262 意外な助っ人
「アン…何故こんな時間にこの様な場所に?」
「目が覚めてしまったから散歩していただけよ。文句ある?」
「別に文句などありませんわ。その…見ていましたの?」
「どっかのお姫様が雑魚モンスターに遅れを取るところからしっかりとね。それより何ボサっとしてるつもり?さっさと行くわよ」
散歩していたなんて嘘ですわ。アンの手には杖が握られて額には汗を浮かべています。それに私はアンも夜な夜な野営地の近くで訓練をしている事を知っているのです。きっと今夜も訓練をしていたのでしょう。
「行くって何処へ行くつもりですの?できれば今は1人にしておいて欲しいのですが…」
「あのエテ公を追いかけるに決まってるでしょ?それとも大切な物を奪われて泣き寝入りするつもり?」
「貴女何を言ってるか分かってまして?こんなに視界も悪いのにあのモンスターを追いかけるなんて無理ですわ」
「ふぅん…奪われて泣いちゃうくらい大切な物なのにそんな簡単に諦めちゃうんだ?アンタってとんだ腰抜けね」
本当に嫌な人。でもアンにここまで言われたら引き退る訳にはいきません。
「わかりました、今からあのモンスターを追いかけます。もし朝になっても野営地に戻らなかったら皆にこの事を伝えて下さい。それでは」
「ちょっとちょっと!まさかアンタ1人で行くつもり?バッカじゃないの!?」
モンスターの逃げて行った方角へ踏み出した私の肩をアンが掴みます。私を焚きつけたかと思えば引き留めて…一体何がしたいのでしょうか?

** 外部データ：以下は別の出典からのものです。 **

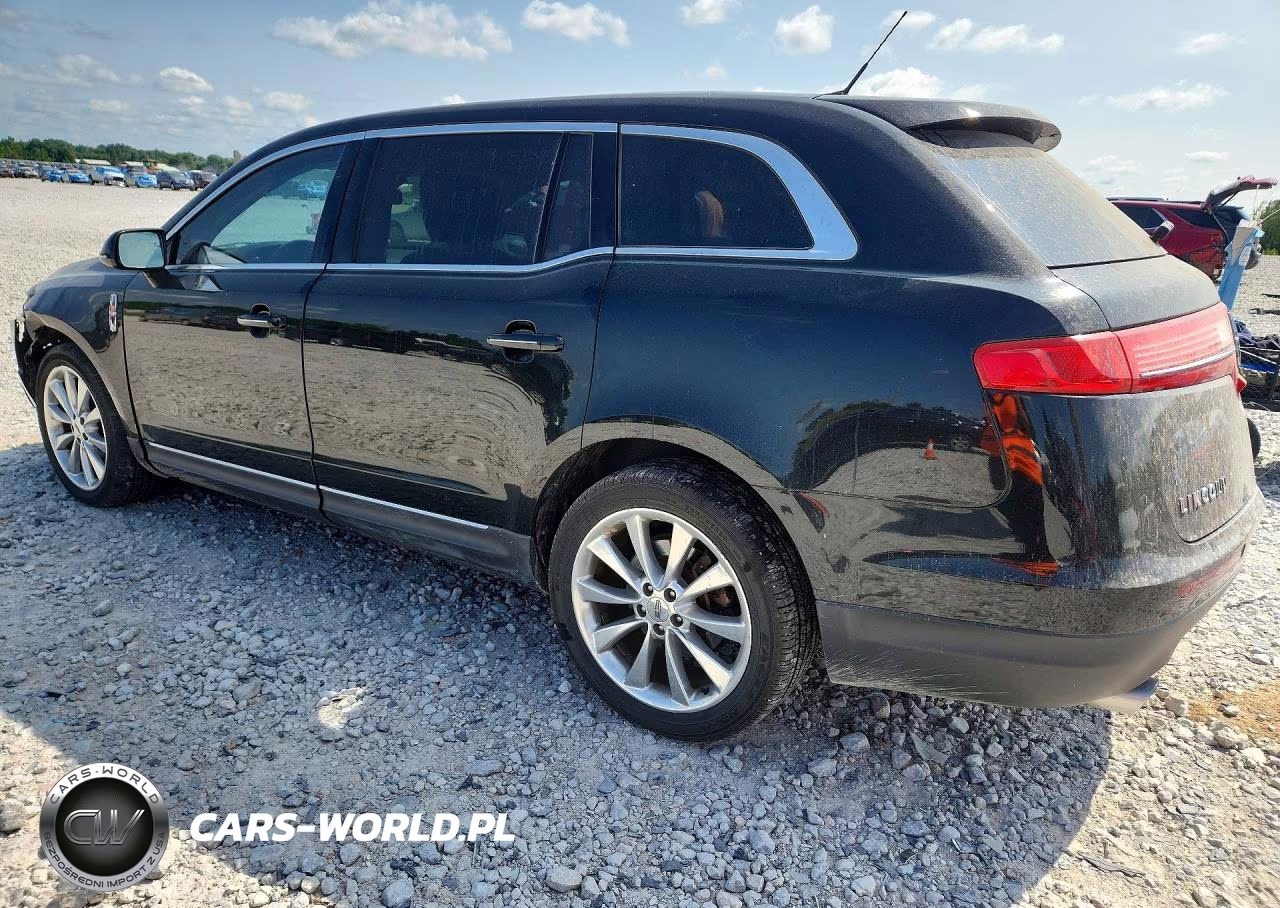 2012 Lincoln Mkt VIN:2LMHJ5AT0CBL52715 - 2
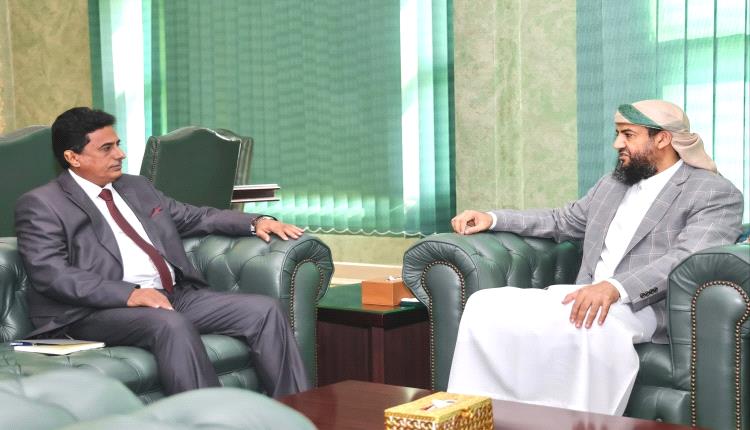 المحرّمي يبحث مع أمين عام مجلس الوزراء آليات تعزيز التنسيق الحكومي وتسريع الإصلاحات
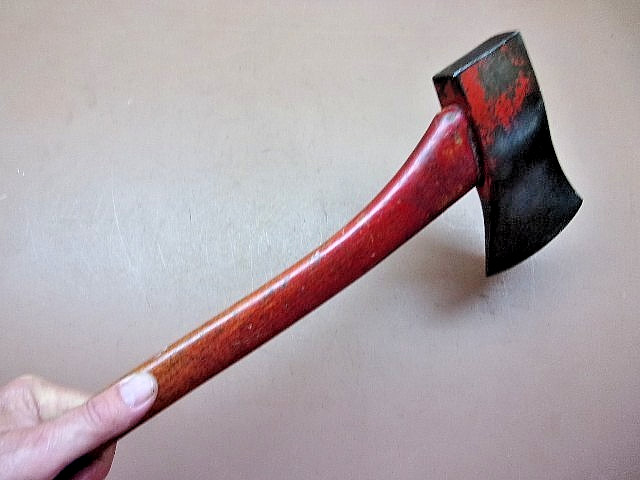Beautiful 2 Lb. 14 Oz. Camp/Woodsman’s Hatchet w/19″ Handle & 4 1/2″ Sharp Edge!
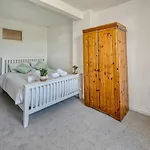 Cozy 4-Bed Stays For Contractors & Families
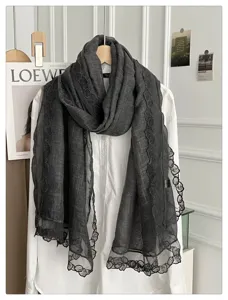 Effen donkergrijze sjaal met delicate kantrand, elegante katoenen linnen look sjaal voor dames.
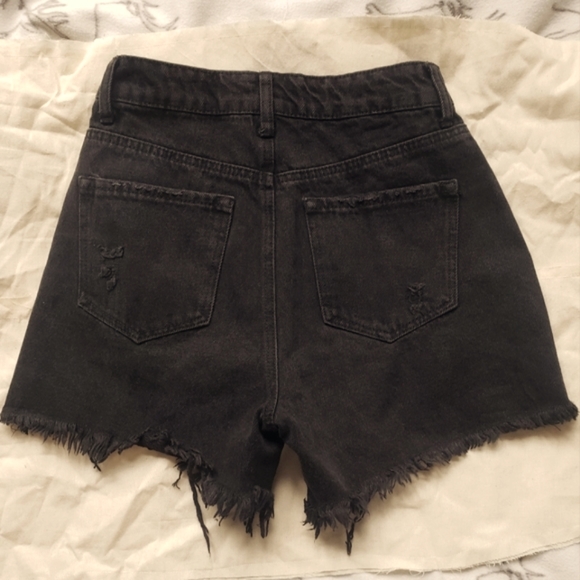 High-waisted Jean Shorts - Picture 2 of 4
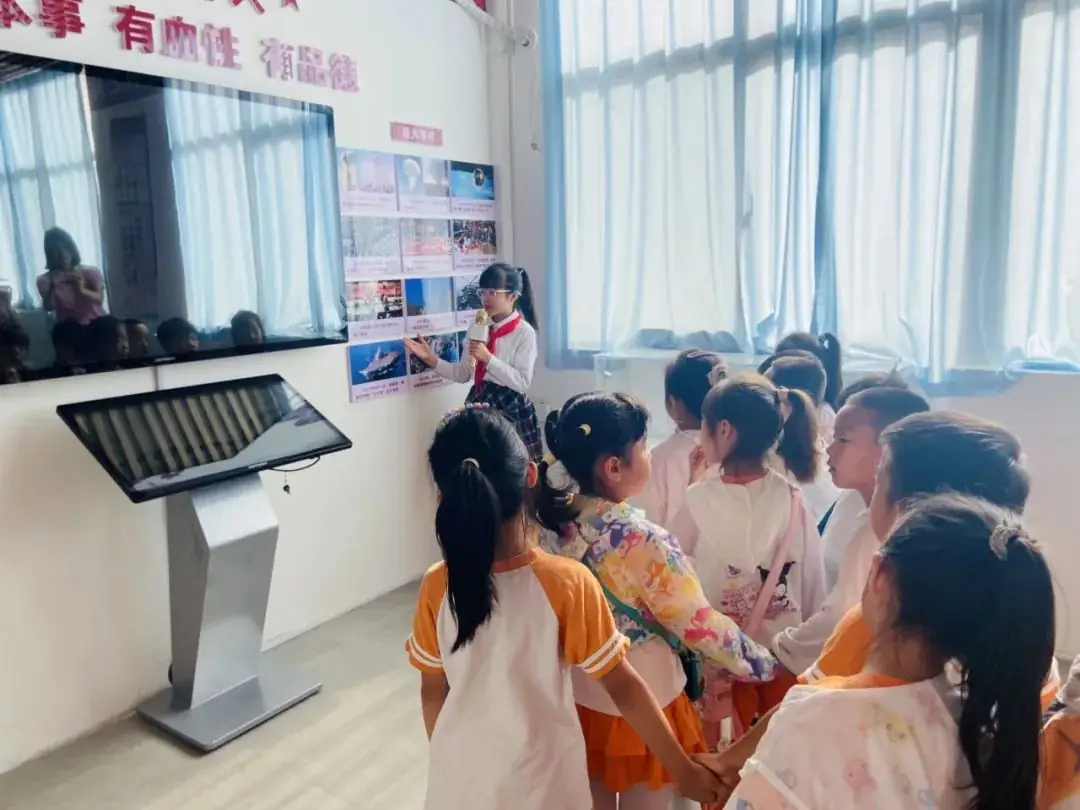 【未央学前.走进小学】走进小学 爱享成长—大班幼儿体验小学社会实践活动 第32张 【未央学前.走进小学】走进小学 爱享成长—大班幼儿体验小学社会实践活动 第32张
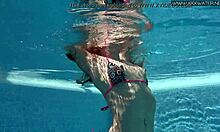 Nicole Pearl shakes ass horny in pool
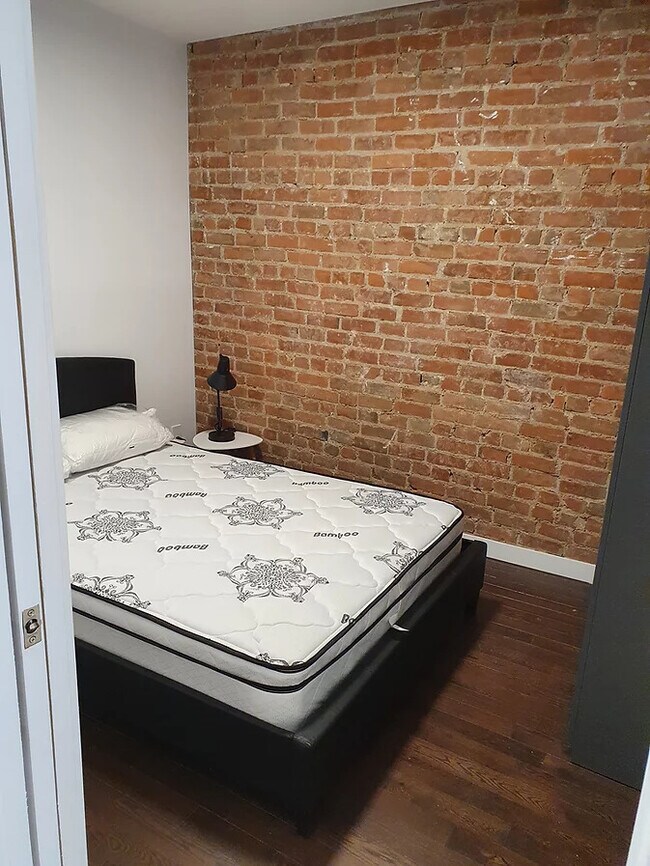 Photo du bâtiment - 4053 Rue Cartier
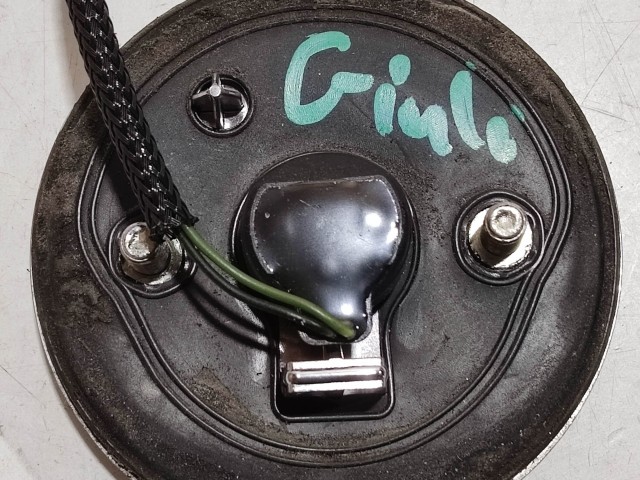 205159 Alfa Romeo Giulietta 2010-2016 nyomógombos csomagtérajtó embléma, a képen látható állapotban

「さっきから何が言いたいのですか!?言いたい事があるならはっきりと言って下さい!」
「あ~っもう!この鈍感女王!私もアンタの大切な物を取り戻すのに協力してあげるって言ってんの!察しなさいよ!」
「えっ…?何故アンが私の為に…?」
面食らってしまいました、私達はお互いを嫌い合ってる筈です。それなのにアンが私に協力してくるなんて…

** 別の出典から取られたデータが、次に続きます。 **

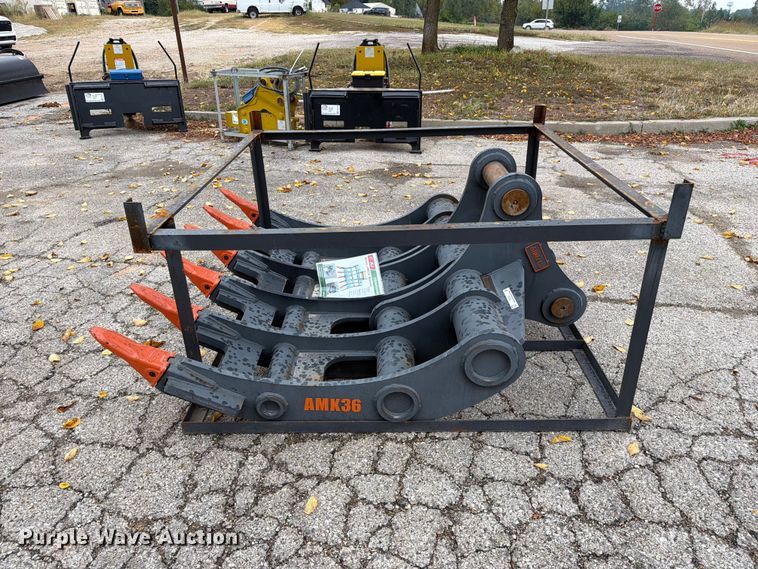 image for item DZ4931 2026 KJ AMK36 excavator rake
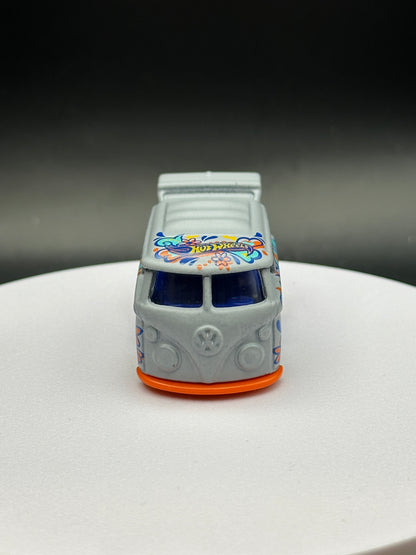 HOT WHEELS - KOOL KOMBI (20198) - HW ART CARS 8/10 - LOOSE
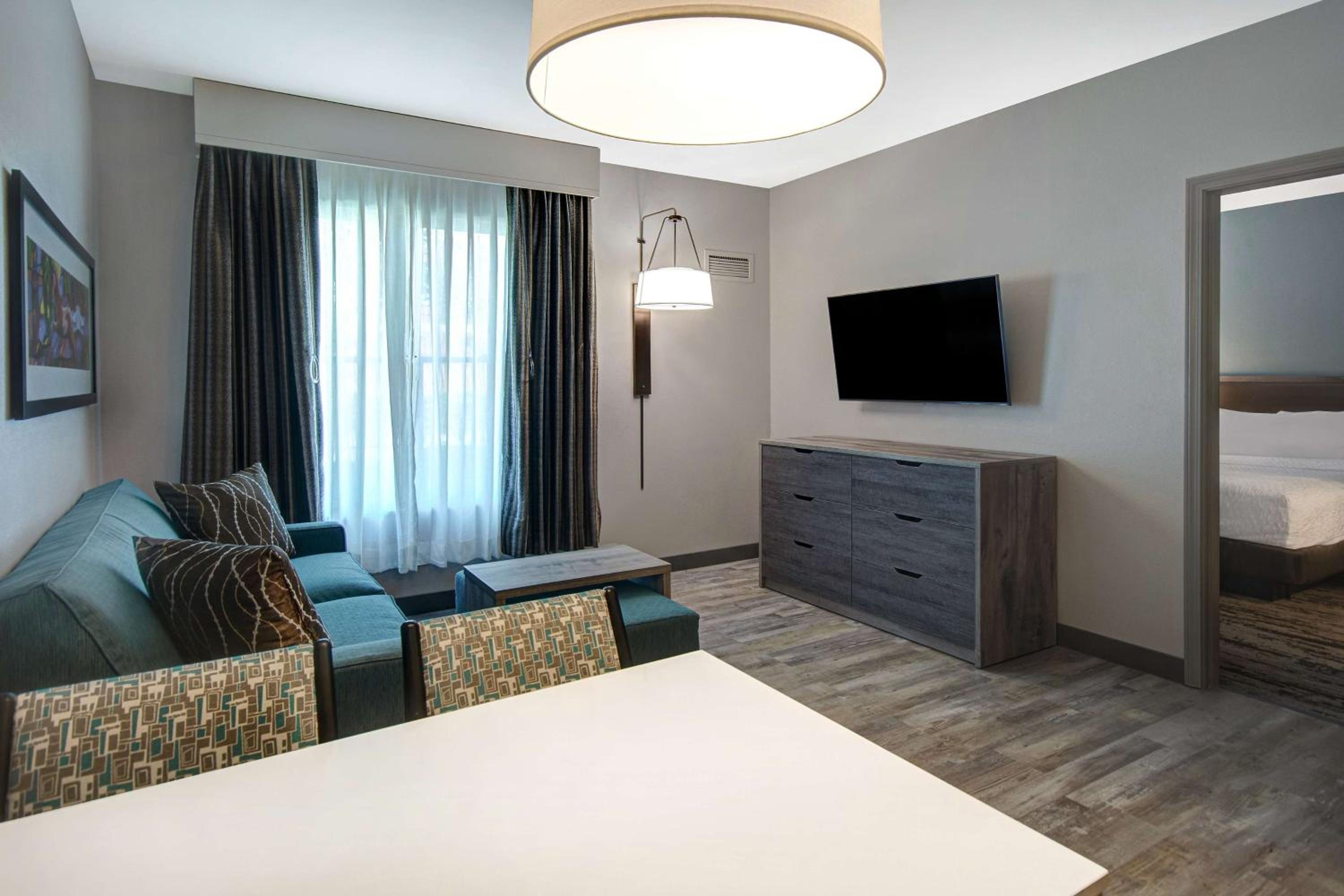 One-Bedroom King Suite - Non-Smoking - Photo 7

「いつも強気なアンタが無くして泣いちゃうくらいに大切なモンだったんでしょ?アンタの事は大嫌いだけどそんなの放っておける筈ないじゃない!さぁ行くわよ!」
「ちょっと!引っ張らないで下さいまし!それならユイトや師匠達も起こして付いてきてもらった方がいいですわ!」
「その間にあのエテ公は遠くへ行ってしまうわ。あんな雑魚私とアンタがいれば十分!ほら!ハキハキ歩く!」
アンは私の手を強引に引っ張ってモンスターの逃げた方へとずんずん歩いて行きます。まさかアンが私を助けてくれるなんて思ってもいませんでした。